The problem is almost never the model
When a computer-vision system underperforms, the fix is usually in the data — not the architecture.
A detector I worked on kept flagging garage doors as radiators.
We could have spent a week on the model — tuning thresholds, swapping architectures, arguing about hyperparameters. It's the instinct most teams reach for first, because it feels like the "real" machine-learning work.
The actual fix took an afternoon: the training set had barely seen garage doors. We added them as hard negatives — examples that look like the target but aren't — and the false positives dropped.
Why this keeps happening
A model only knows what it has seen. When it fails, it's usually telling you one of three things:
- The data is wrong or thin — missing the cases that matter, or labeled inconsistently.
- The evaluation is lying to you — your metric doesn't measure what you actually care about.
- The task was never clearly defined — "find radiators" hides a dozen edge cases nobody agreed on.
In my experience, 90% of "the model is bad" turns out to be one of those three. The model is the most visible part of the system, so it gets blamed first — but it's rarely where the leverage is.
A more useful order of operations
When something underperforms, I look in this order:
- Are the failing cases even in the training data?

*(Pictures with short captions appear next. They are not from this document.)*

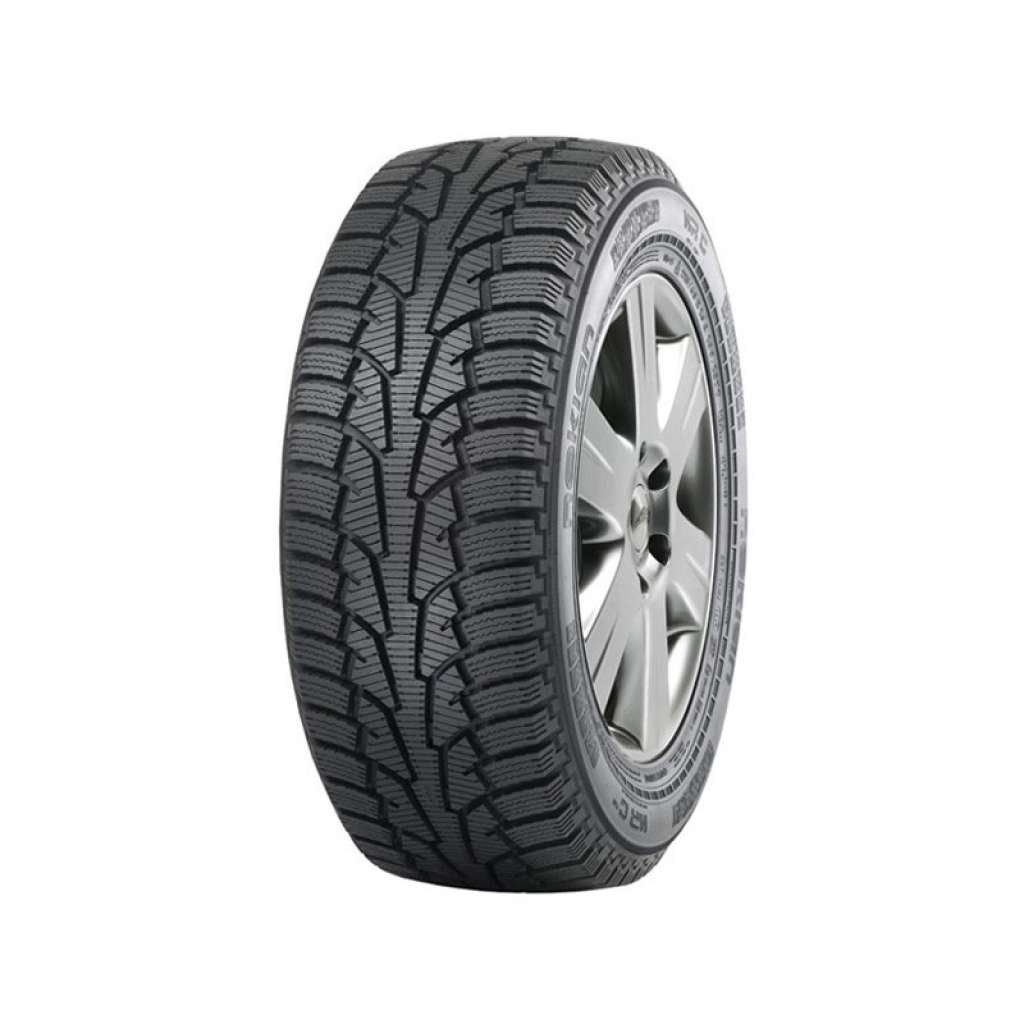 Nokian WEATHERPROOF C CARGO 235/65R16C 121/119R  TL
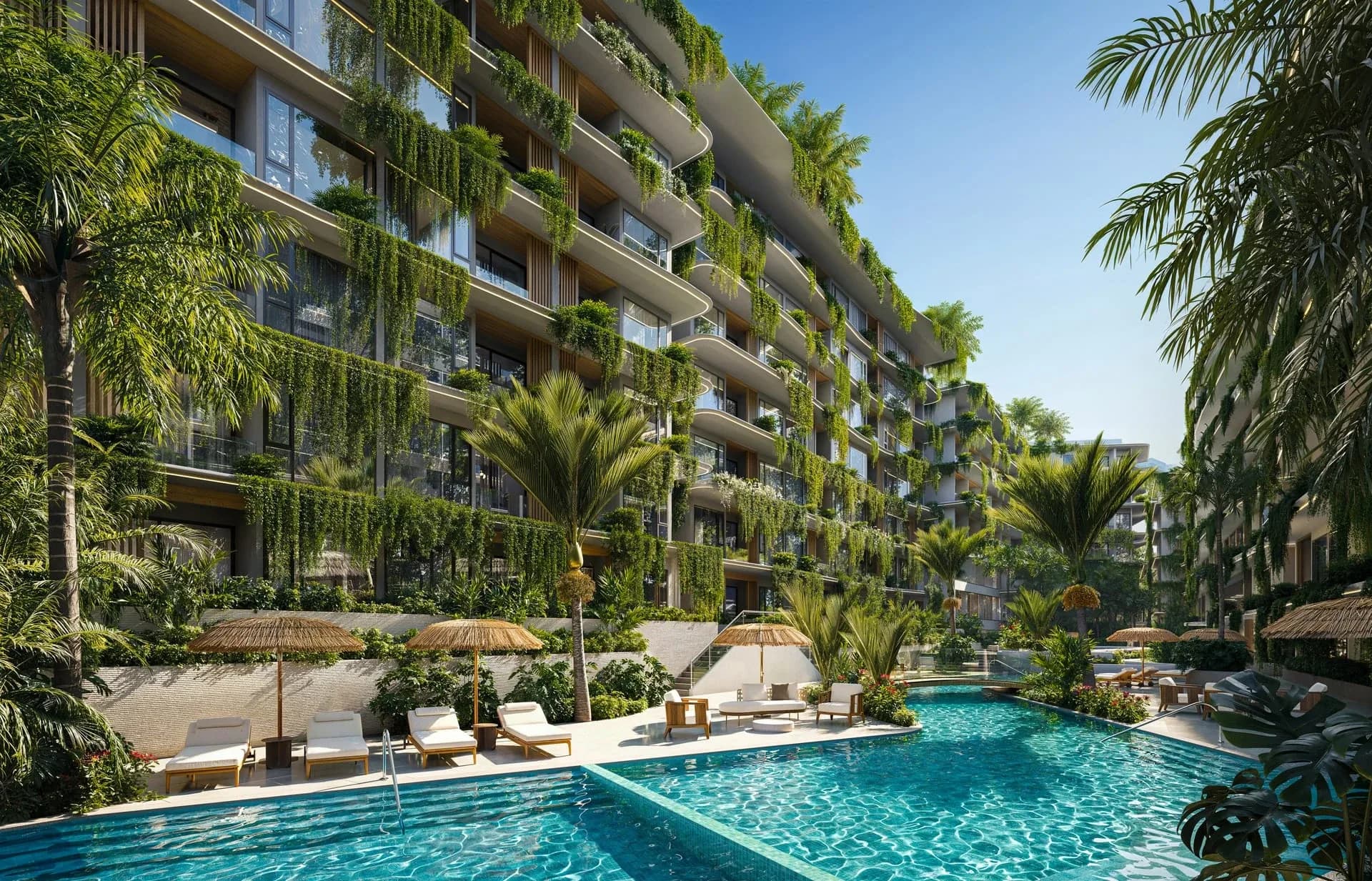Sun Hills галерея 29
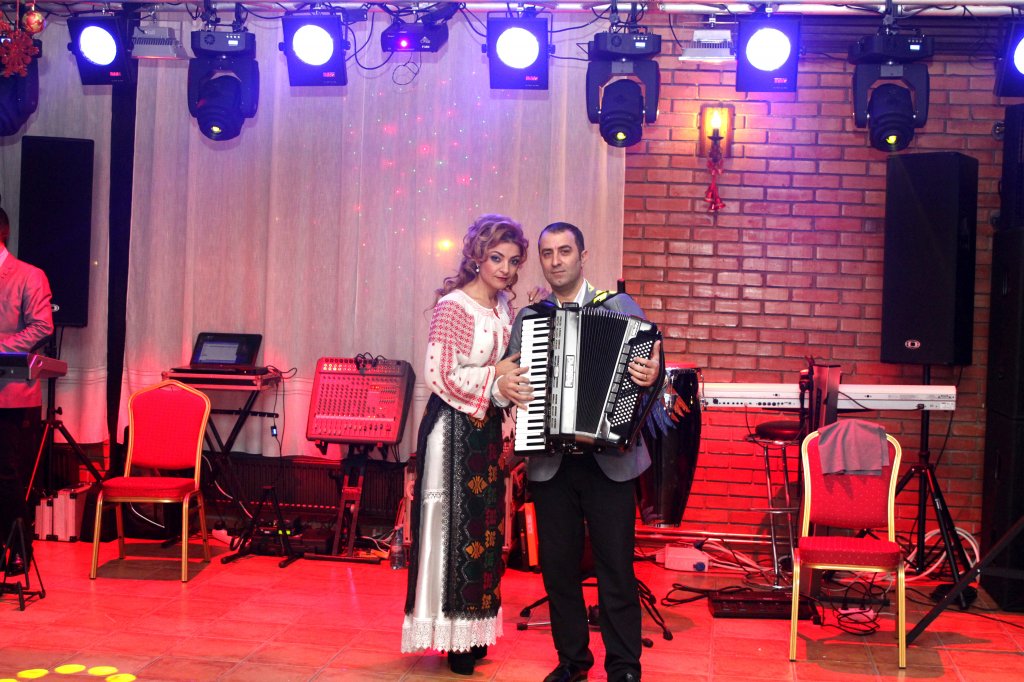 Sorin Prahoveanu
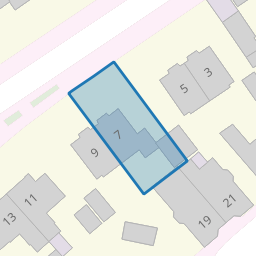 Perceel VSN01-F-5681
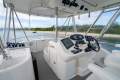 Riviera 40 Flybridge - Upgraded C9 Engines - 510HP!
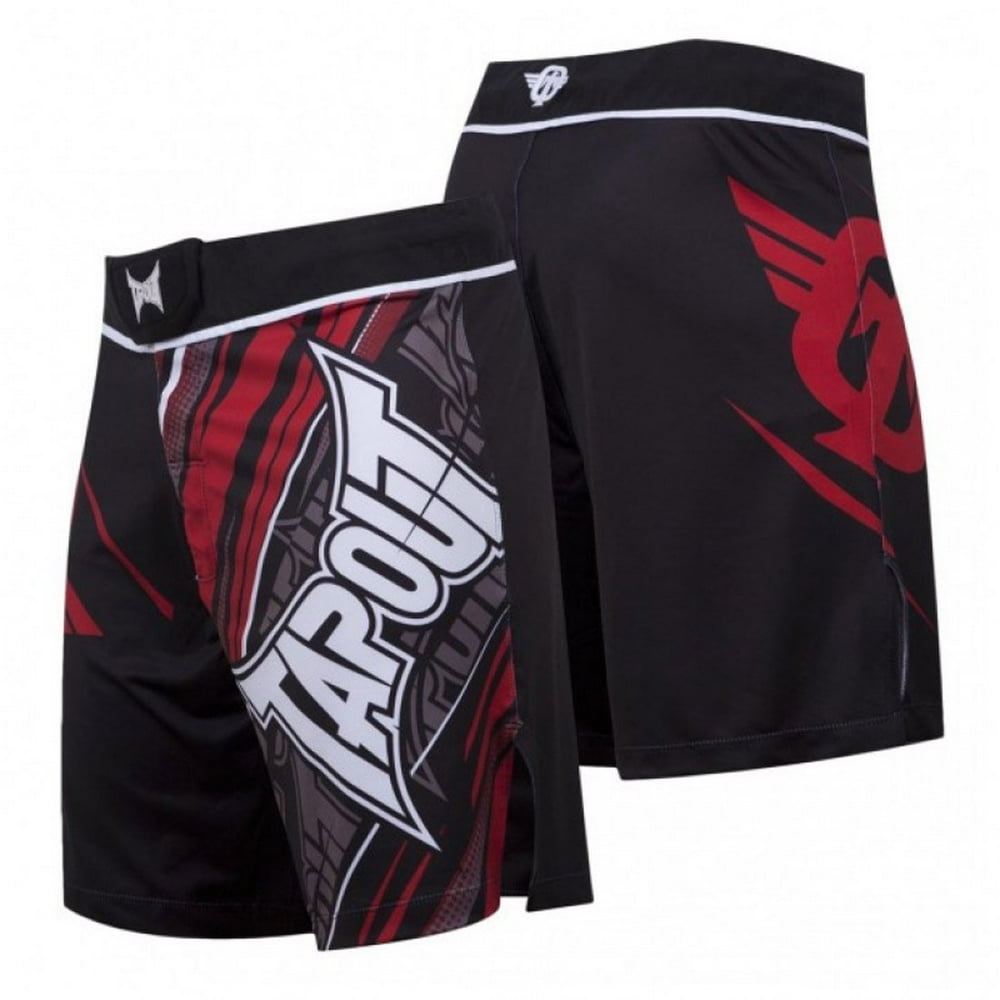 tapout gym shorts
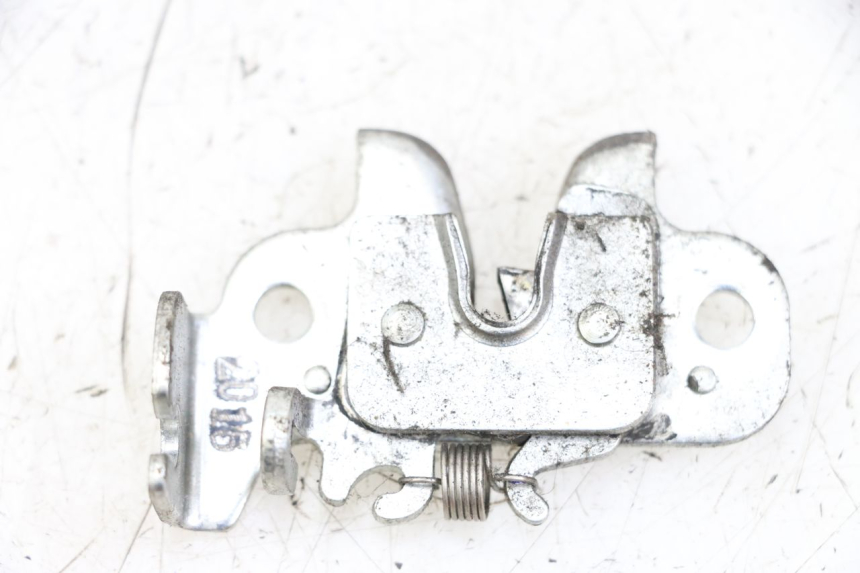 photo de SEAT LOCK SET SUZUKI ADDRESS 110 (2015 - 2020) - Main view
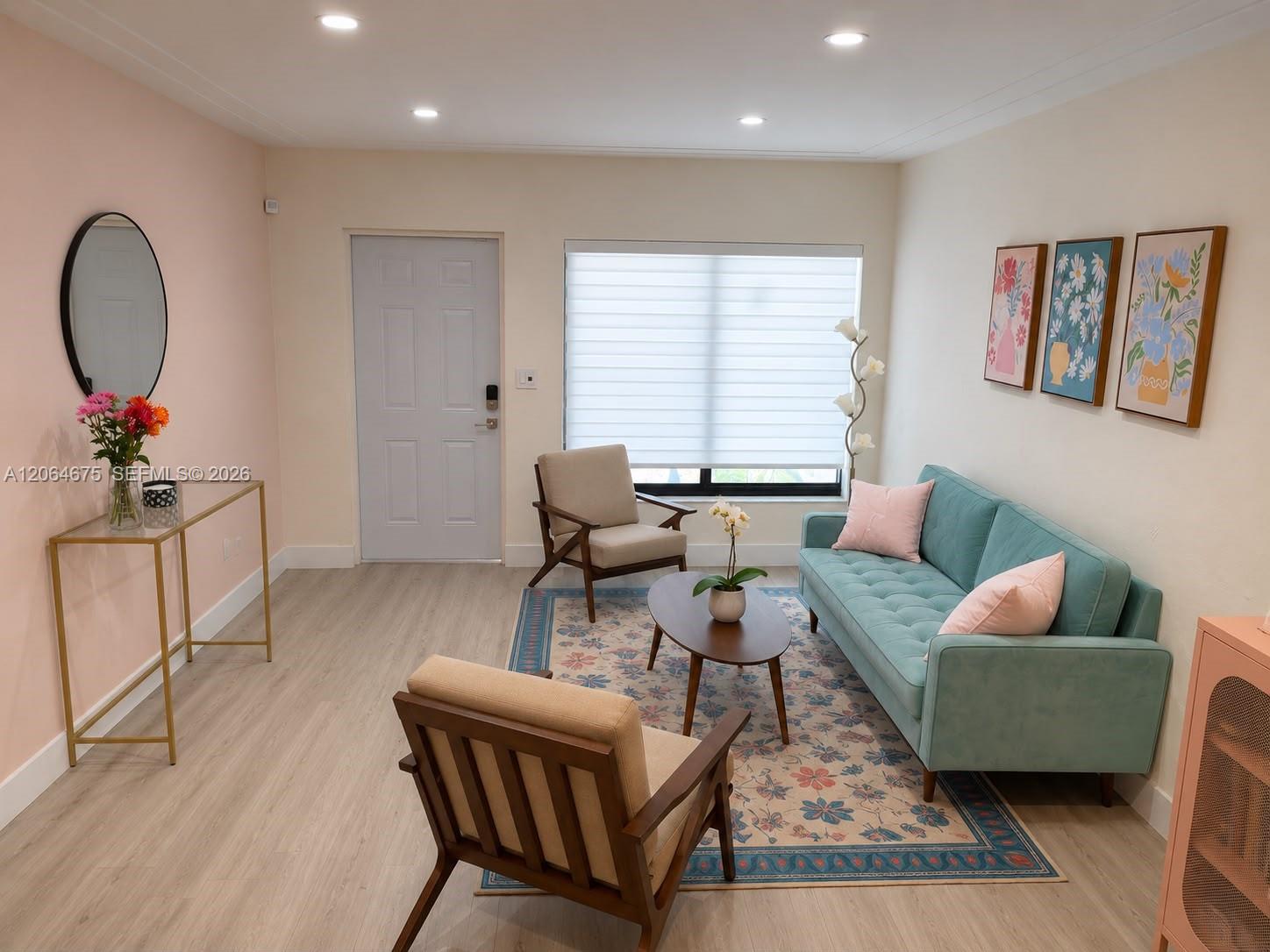 1525 SW 19th Terrace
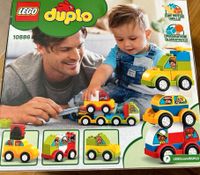 Lego Duplo 10886 Meine ersten Fahrzeuge NEU OVP Bayern - Hof (Saale) Vorschau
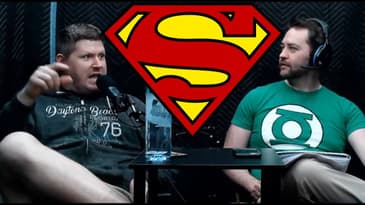 Bitching About Superman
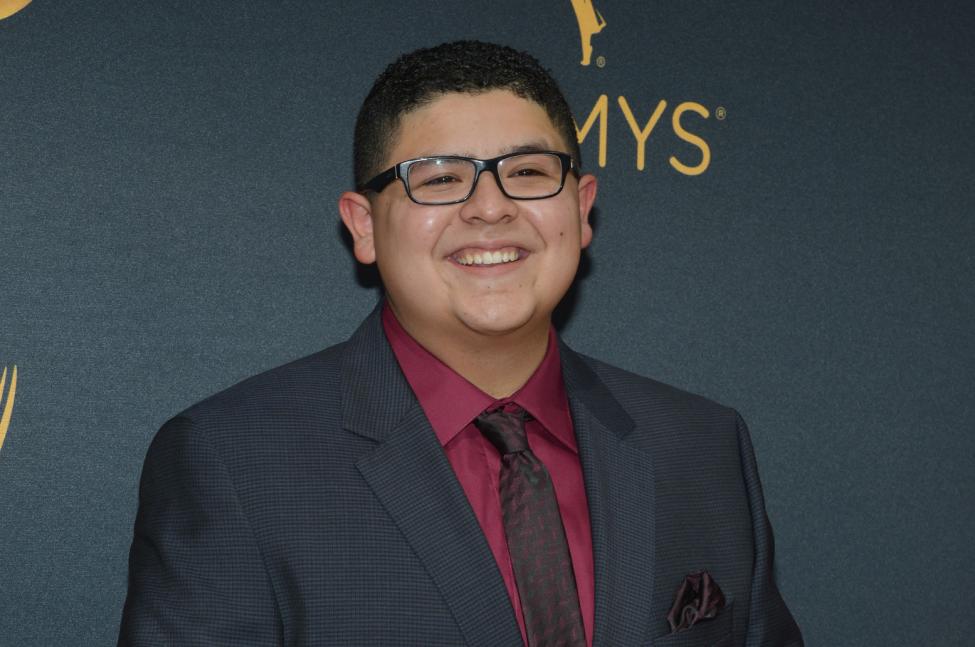 Rico Rodriguez's Booking Agent and Speaking Fee - Speaker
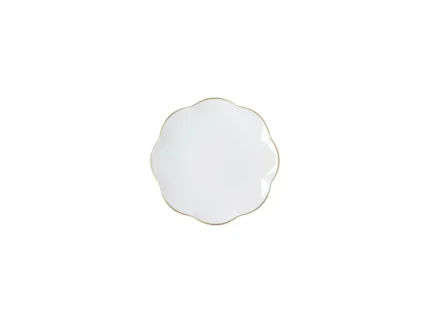 Rosenthal Tabak 15 cm Sonetto Oro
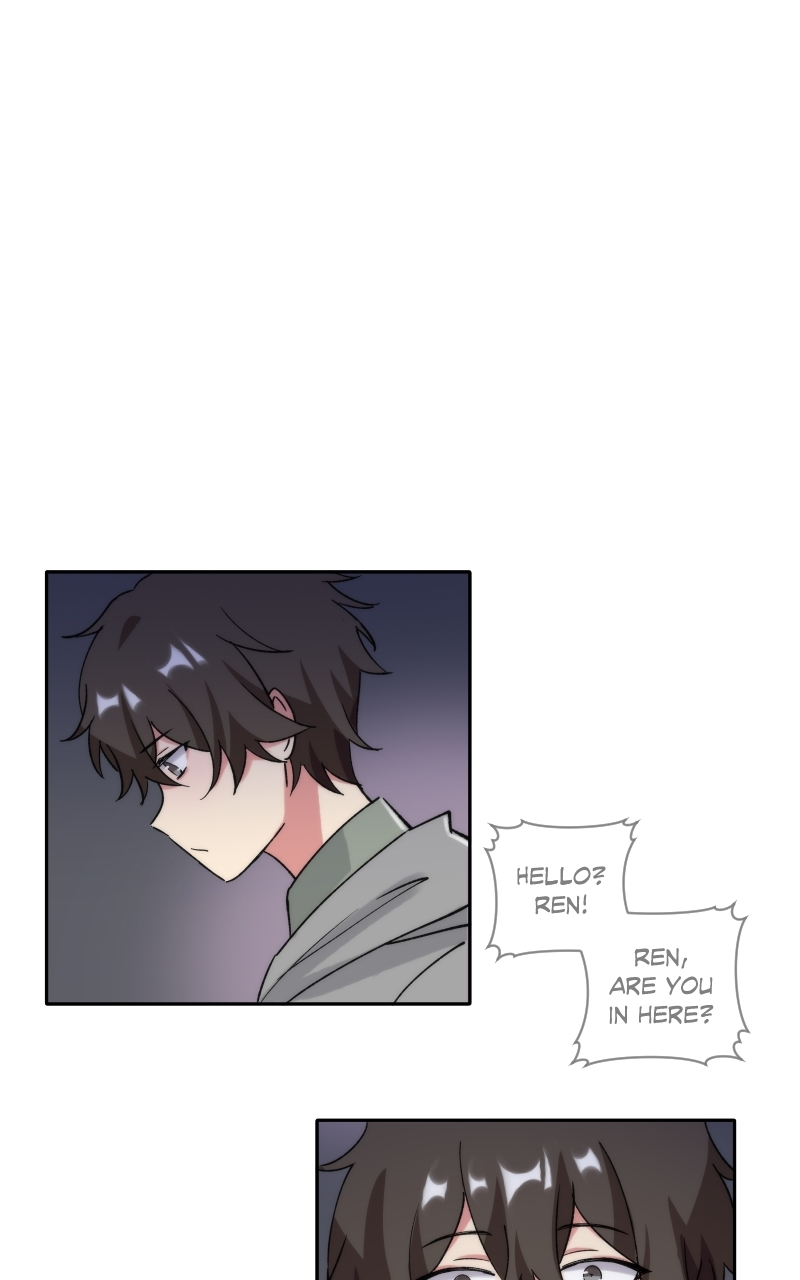 Stalker x Stalker Chapter 232 page 11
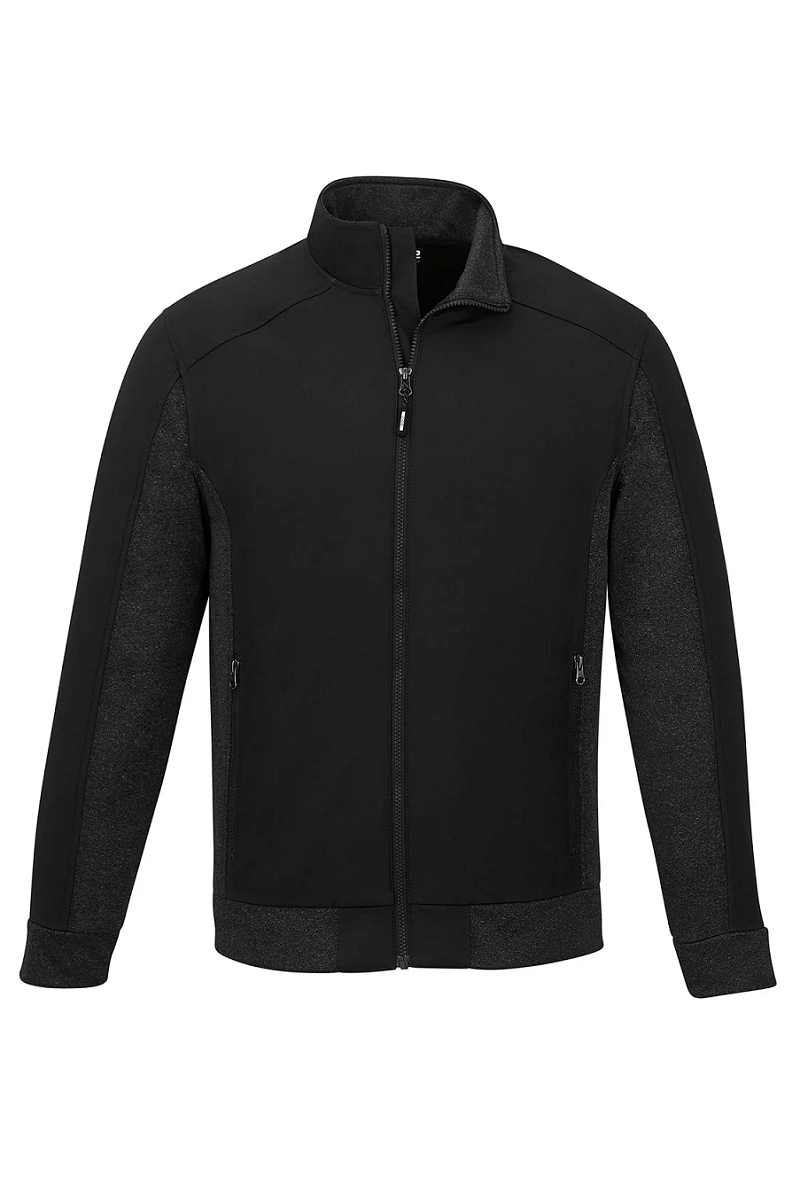 CX2 L04100 CX2 L04100 - Observer - Men's Hybrid Jacket pour impression personnalisée à Montréal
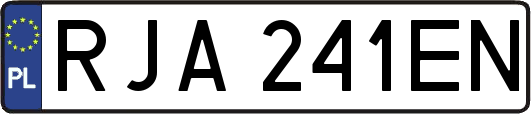 RJA241EN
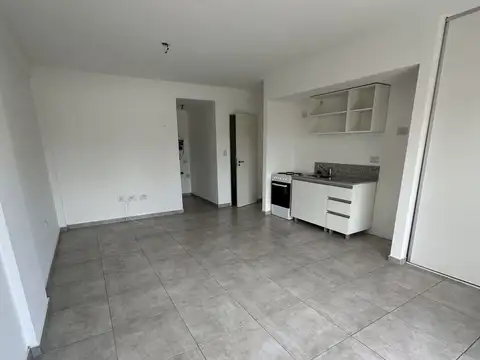 Departamento Monoambiente en Lanus Oeste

- Does the eval set contain them, and does the metric punish the failure?
- Is the task definition specific enough that two people would label it the same way?
- Then — and only then — touch the model.
What I learned
Treat data, evaluation, and task definition as first-class engineering, not as setup work you rush through to get to the "real" model. The model is downstream of all three. Fix the upstream, and the model usually takes care of itself.